House of Representatives

The Honorable Shri Thanedar
Ranking Member
Subcommittee on Oversight, Investigations, and Accountability
Committee on Homeland Security
House of Representatives

The Honorable Glenn F. Ivey
House of Representatives

Since the Department of Homeland Security (DHS) was created in 2002 and merged 22 agencies into one department, its human resources environment has been plagued by fragmented systems, duplicative and paper-based processes, and little uniformity in data management practices. According to DHS, these issues have compromised the department’s ability to effectively and efficiently carry out its mission to, among other things, enhance security and respond to disasters. For example, according to DHS, the department’s inefficient and disjointed hiring process has limited the onboarding of appropriately trained, certified, and skilled personnel that can be deployed during emergencies and catastrophic events.

To address these issues, DHS initiated the human resources IT (HRIT) investment in 2003 to consolidate, integrate, and modernize the department’s IT infrastructure that supports human resources. This investment is comprised of a portfolio of projects. For example, one of the projects was intended to implement a centralized learning management system to replace the department’s nine disparate systems. This would enable comprehensive training reporting and analysis across the department.

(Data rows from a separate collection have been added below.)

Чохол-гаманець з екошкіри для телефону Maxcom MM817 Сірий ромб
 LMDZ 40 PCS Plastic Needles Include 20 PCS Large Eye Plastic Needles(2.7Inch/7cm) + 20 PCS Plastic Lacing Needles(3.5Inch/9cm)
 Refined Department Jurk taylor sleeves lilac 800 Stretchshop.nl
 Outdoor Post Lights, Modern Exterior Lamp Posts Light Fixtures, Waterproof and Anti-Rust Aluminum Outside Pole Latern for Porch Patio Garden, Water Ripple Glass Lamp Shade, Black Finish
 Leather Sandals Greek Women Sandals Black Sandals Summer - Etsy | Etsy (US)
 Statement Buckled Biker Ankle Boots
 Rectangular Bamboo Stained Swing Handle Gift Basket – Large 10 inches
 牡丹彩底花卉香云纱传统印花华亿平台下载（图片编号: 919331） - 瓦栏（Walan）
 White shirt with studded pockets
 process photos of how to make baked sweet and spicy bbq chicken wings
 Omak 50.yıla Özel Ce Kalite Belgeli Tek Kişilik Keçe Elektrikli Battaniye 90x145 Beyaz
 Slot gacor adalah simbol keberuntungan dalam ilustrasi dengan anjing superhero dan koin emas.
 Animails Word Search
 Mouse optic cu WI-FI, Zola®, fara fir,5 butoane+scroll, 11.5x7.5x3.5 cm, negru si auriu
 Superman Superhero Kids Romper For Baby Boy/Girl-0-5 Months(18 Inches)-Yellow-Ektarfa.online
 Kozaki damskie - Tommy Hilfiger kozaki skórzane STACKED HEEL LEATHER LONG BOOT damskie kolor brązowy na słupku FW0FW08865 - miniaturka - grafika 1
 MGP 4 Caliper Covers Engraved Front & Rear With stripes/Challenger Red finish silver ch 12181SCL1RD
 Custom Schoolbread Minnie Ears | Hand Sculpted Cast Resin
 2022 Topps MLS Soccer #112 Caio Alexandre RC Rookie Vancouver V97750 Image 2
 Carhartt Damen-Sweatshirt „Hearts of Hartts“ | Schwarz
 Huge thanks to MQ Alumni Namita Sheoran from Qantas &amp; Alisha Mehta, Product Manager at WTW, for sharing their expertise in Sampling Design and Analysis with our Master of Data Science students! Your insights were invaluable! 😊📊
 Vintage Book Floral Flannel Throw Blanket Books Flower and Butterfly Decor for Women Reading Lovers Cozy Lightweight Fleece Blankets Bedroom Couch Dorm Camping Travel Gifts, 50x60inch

In February 2016, we reported that DHS had made very little progress in implementing HRIT in the 13 years since it had been initiated.[1] You asked us to provide an update on DHS’s progress in implementing HRIT. Our specific objectives were to (1) identify changes to HRIT strategic goals and progress made in achieving them, (2) evaluate the extent to which DHS implemented portfolio management practices for HRIT, and (3) determine the challenges, if any, DHS has experienced in overseeing shared service providers for key HRIT services and the extent to which DHS has addressed them.

To address the first objective, we reviewed DHS’s blueprint for HRIT to identify the portfolio’s strategic goals. We also reviewed the Human Capital Business Solutions (HCBS) Strategic Plans that were used between 2021 and 2025. We assessed these documents to identify changes in the HRIT strategic goals over time. To describe progress made in achieving goals, we reviewed relevant documentation from the HCBS office (the office responsible for implementing HRIT). This documentation included advisory team meeting minutes, director meeting minutes, project plans, and HRIT strategy documents. We reviewed the documents to assess the actions HCBS had taken relative to HRIT’s goals. Further, we interviewed officials from HCBS to obtain additional information on completed and in-progress projects.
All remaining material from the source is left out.